• YOUR INSTRUCTIONS:
Once the pictures are set aside, repeat all of the data below exactly.

• DATA BELOW:
-*-
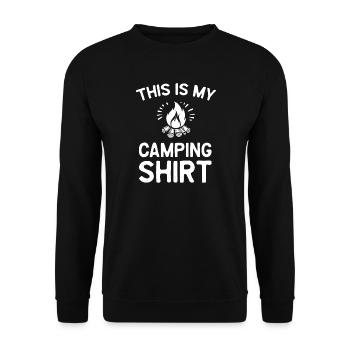 Ceci est ma chemise de camping - Sweat-shirt Unisexe - noir - Devant - Alina (178cm) & Michal (187cm)
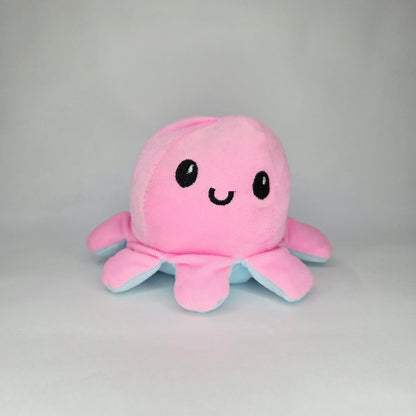 Cute Reversible Octopus Soft Toy - Plushy, Soft Stuffed Animal for Kids, Babies, Girls & Boys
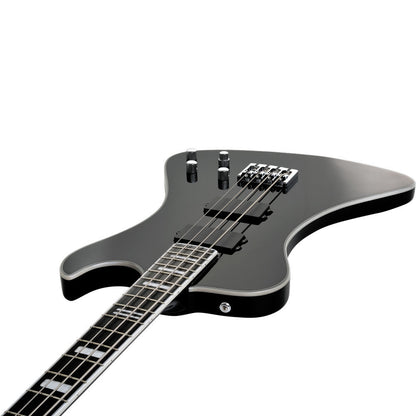 Hagstrom Nekromant-4 Bass Guitar in Black Gloss with Hardcase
-*-
• ANSWER TO THIS EXERCISE:
 Ceci est ma chemise de camping - Sweat-shirt Unisexe - noir - Devant - Alina (178cm) & Michal (187cm)
 Cute Reversible Octopus Soft Toy - Plushy, Soft Stuffed Animal for Kids, Babies, Girls & Boys
 Hagstrom Nekromant-4 Bass Guitar in Black Gloss with Hardcase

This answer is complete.